Week 14: Flo-Ride-Ah

We left beautiful Savannah behind and turned the corner on the United States, officially transitioning from I-95 South to I-10 West near Jacksonville, Florida.  Exciting!  At least if you’ve basically been driving on just two highways for the last six months.  In fact, we’re still on I-10 today, very close to Los Angeles, after (slowly) taking it across the entire country.

Tallahassee Rain

The first stop on our westward journey was Tallahassee, Florida, basically just as a quick stop before heading somewhere more interesting.  We stayed for two nights, which is about the minimum we try to stay anywhere, since packing up and moving the RV can be kind of a pain.  Two nights turned out to be more than enough:  it rained continuously the entire time we were there.

At least we had a pretty campsite.

The RV’s bug shield is constantly tilted, making it look even more like a moustache.

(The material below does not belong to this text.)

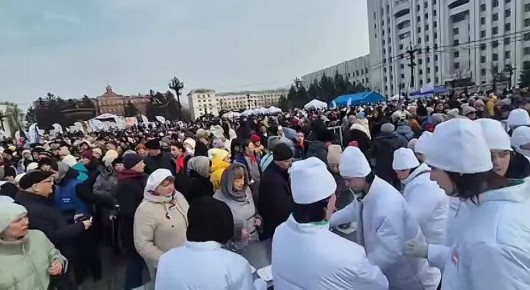 Царскую уху по-хабаровски попробовали жители и гости города во время фестиваля русской кухни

Incidentally, there was a private walkway down to the lake we were parked above, but we never headed down there.  You see, Florida has a certain reputation for… crazy.  And not even just crazy, but ultra-, bath salts-level crazy, the kind of crazy that earns Buzzfeed lists and an entire section of the Huffington Post.  (Our favorite headline at writing time?  A toss-up between “Florida Man Breaks Into Jail To See His Friends, Police Say,” “Escaped Monkey Goes Bananas On Police Car; Eats Neighbor’s Mail,” and “Florida Man Bitten By Shark Kills It And Eats It As Revenge.”)  It’s the land of sunshine, alligators, and bad judgment.

All of which is to say that we are pretty sure we know what was down by the lake, and we weren’t going near it.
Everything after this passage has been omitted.